人生100年時代だからこそ、リタイアしてからも稼いで資産を殖やしていかなければならない。そこで大切なのは「何を選ぶか」ではない。その投資を「いつ始めて」「いつ終えるか」の判断が、人生設計を左右する。
“現役世代の晩年”にあたる50代。子供が独立を迎え、給与などの定期収入も見込める。定年後の資金を蓄えるために、金融商品にまとまった額を投じられるラストチャンスになる。
「ただし、投資経験の乏しい人が定年間近になって『老後に備えよう』と大きな額を一括投資するのは非常に危険です。

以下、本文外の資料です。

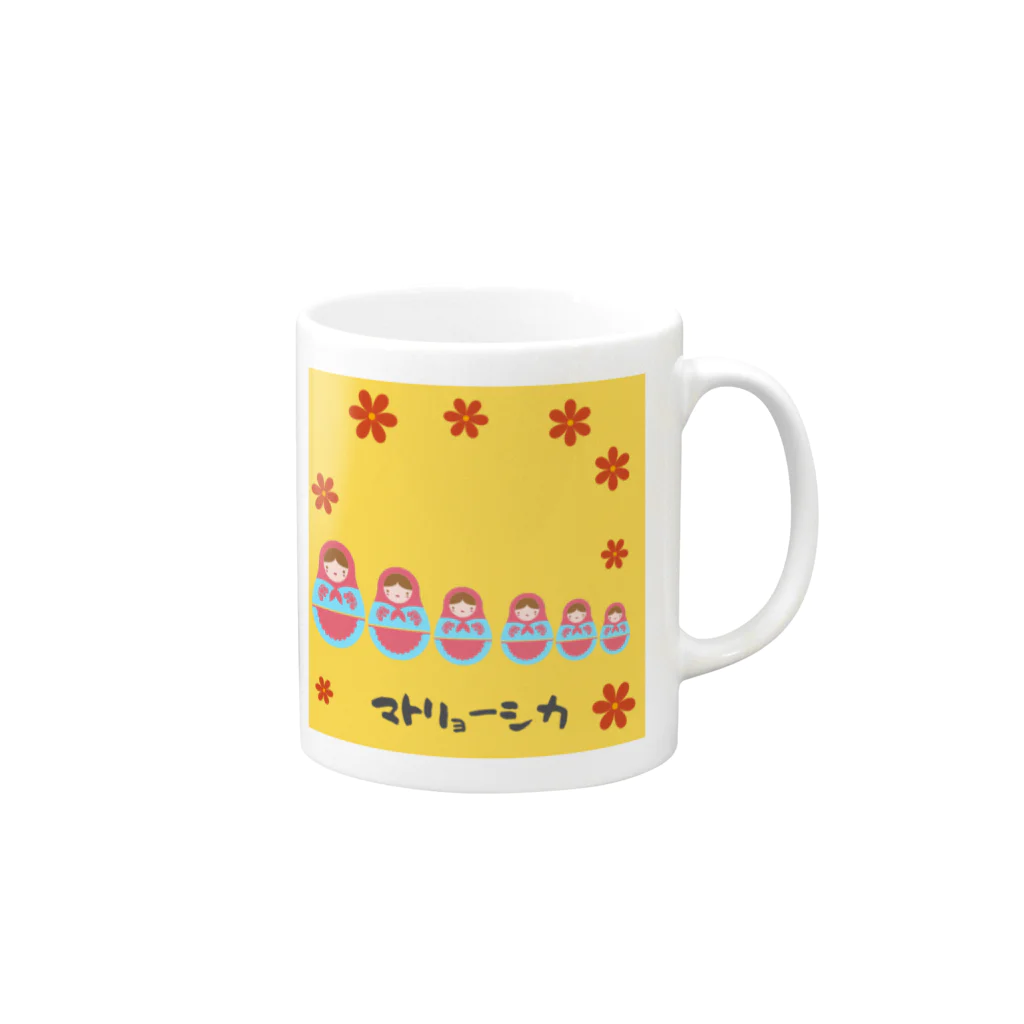 すぅいのお店 ❤︎❥ ᥫᩣのマトリョーシカ Mug :right side of the handle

初心者が一括投資で買いのタイミングを見極めるのは簡単ではなく、リスクの高い金融商品を購入してしまう怖れがあります」(ファイナンシャルプランナーの深野康彦氏)
そうしたアドバイスを踏まえて検討したいのが「iDeCo(個人型確定拠出年金)」。加入者が60歳になるまで、毎月一定額を自ら選んだ投資信託(投信)に拠出する制度である。利点は節税効果にある。
「積立金額が所得控除されるうえ、運用益も非課税です。現役時代のなるべく早い時期に加入すれば、老後の資産形成をしながら所得税や住民税を減らせます」(社会保険労務士の稲毛由佳氏)
たとえば課税所得500万円の人が毎月2万3000円を積み立てた場合、所得税と住民税が年間8万2800円軽減される。50歳で加入すれば、60歳まで実に82万円の節税になる。